Je recommande de ne pas définir l’objectif de manière trop étroite. Il se peut que certaines offres, comme un camp d’escalade pour les jeunes dont un membre de la famille est atteint d’un cancer, finissent par disparaître. Cependant, 80% des dons d’héritage ne sont pas destinés à un but précis. Lorsqu’un but est mentionné, il est généralement lié à une histoire personnelle. Récemment, une femme a décidé que son argent serait utilisé en rapport avec le problème de l’amiante. Elle avait perdu son mari d’un cancer du poumon. Nous avons réussi à faire en sorte que son argent soit utilisé pour notre secteur « Cancer et environnement ». Nous y sensibilisons le public et les politiques aux dangers des influences environnementales nocives.
Chaque année, la Ligue suisse contre le cancer hérite d’entre cinq et huit millions de francs. Où va l’argent ?
La majeure partie des revenus est utilisée pour apporter un soutien concret aux personnes concernées et à leurs proches : matériel d’information, ligne InfoCancer, conseils, prévention et recherche. Imaginez : chaque année, 41’000 personnes développent un cancer en Suisse. 64% d’entre elles sont considérées comme guéries après cinq ans. Alors qu’autrefois le diagnostic de cancer était un arrêt de mort, nous avons déjà accompli beaucoup de choses aujourd’hui. Nous nous battons pour que davantage de personnes puissent guérir du cancer, raison pour laquelle les dons d’héritage servent aussi dans une large mesure à financer la recherche.
Quelle est l’importance des héritages pour votre organisation ?
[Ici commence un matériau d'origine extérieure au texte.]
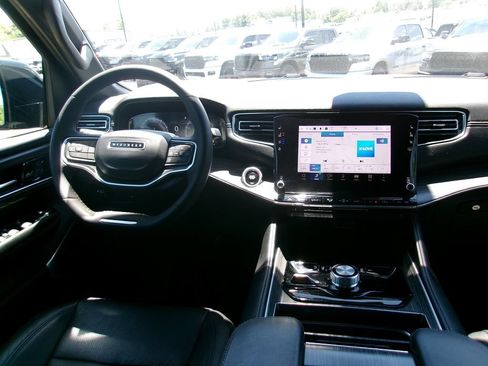Certified 2024 Jeep Wagoneer L Series II w/ Flexible Seating Group AWD/4WD image 13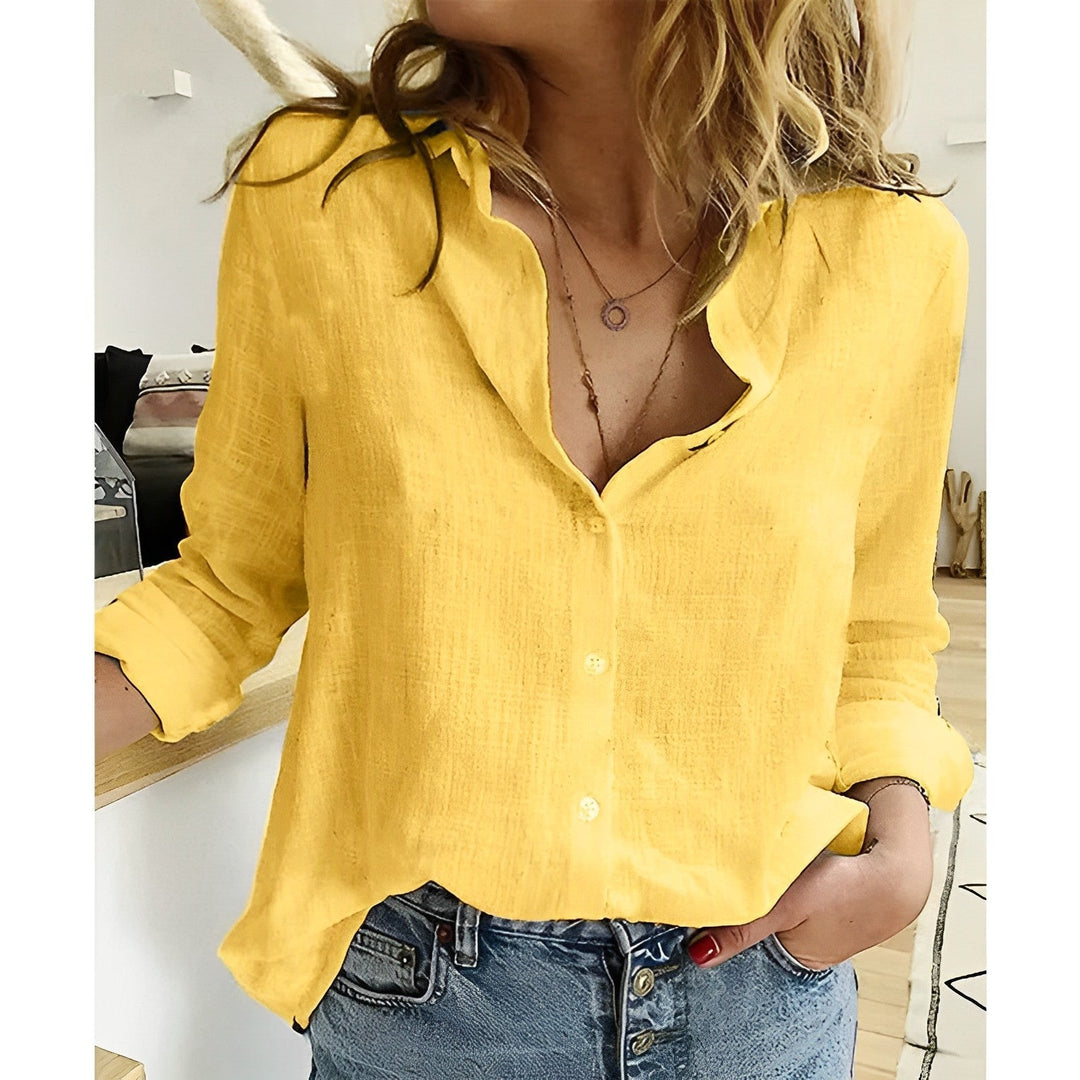 Rückenansicht der Viviane Damen Button-Down Bluse. Zeigt den lockeren, komfortablen Schnitt für Freizeit & Sommer.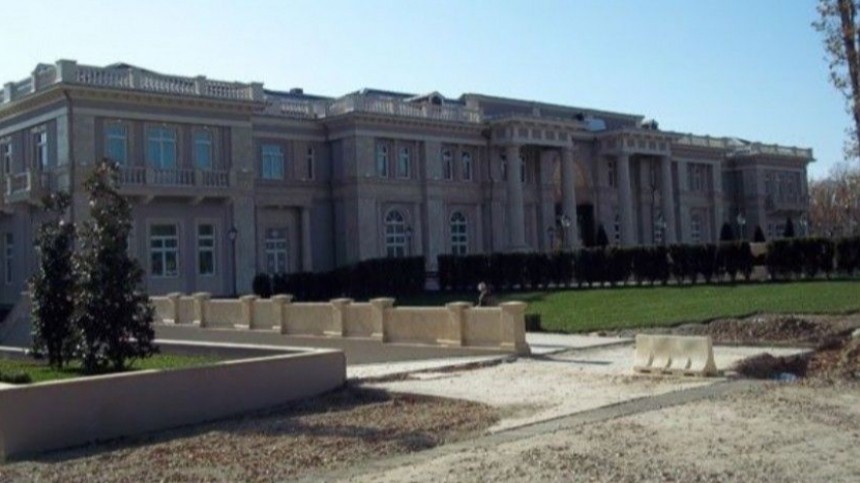 Песков рассказал, посещал ли Путин «дворец в Геленджике»
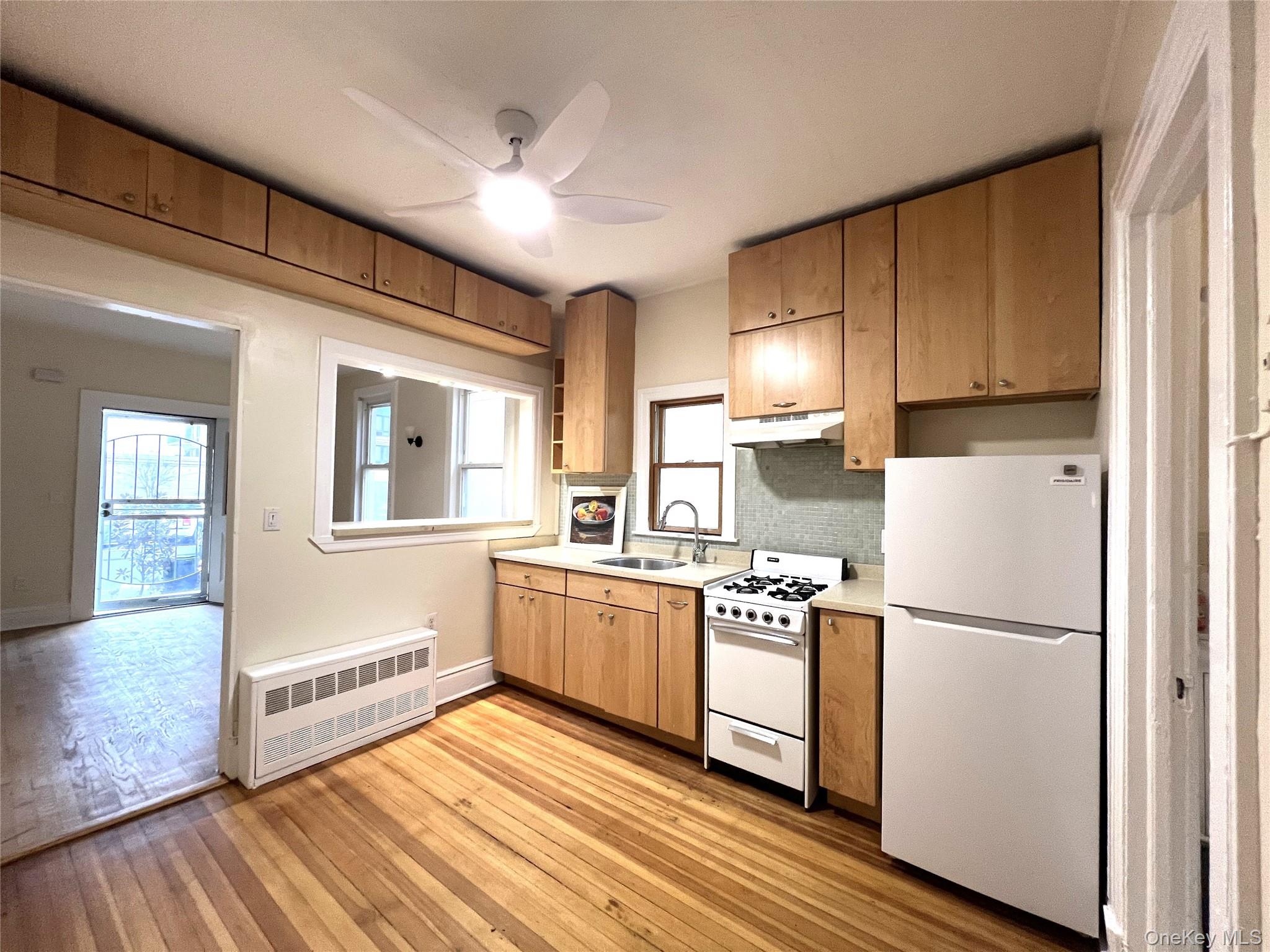 #4 photo, 241 W Broadway, नासाउ काउंटी Long Beach , NY 11561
Ils sont extrêmement importants. L’organisation est financée à 93% par des dons privés. Nous ne recevons que très peu de fonds gouvernementaux. Les héritages représentent près de la moitié de l’ensemble des revenus provenant de dons privés. Ainsi, lorsqu’on intègre la Ligue contre le cancer dans son testament, on contribue de manière significative à aider les personnes touchées par le cancer et leurs proches.
Comment avez-vous rejoint cette organisation ?
Je ne travaille pour la Ligue du cancer que depuis le mois de juin de cette année. En travaillant pour une autre organisation, j’ai réalisé à quel point j’aime le contact avec les personnes âgées, à quel point j’aime les écouter, les conseiller et les accompagner. J’aimerais contribuer à la réalisation de la vision de la Ligue contre le cancer : œuvrer pour un monde dans lequel moins de personnes développent un cancer ou souffrent des conséquences du cancer.
La Ligue suisse contre le cancer (fondée en 1910) est une organisation à but non lucratif qui s’engage pour la prévention du cancer, le financement de la recherche indépendante de l’industrie et le soutien aux personnes atteintes de cancer et à leurs proches. En tant qu’organisation faîtière nationale basée à Berne, elle regroupe 19 ligues cantonales et régionales. Elle est principalement financée par des dons et est certifiée Zewo.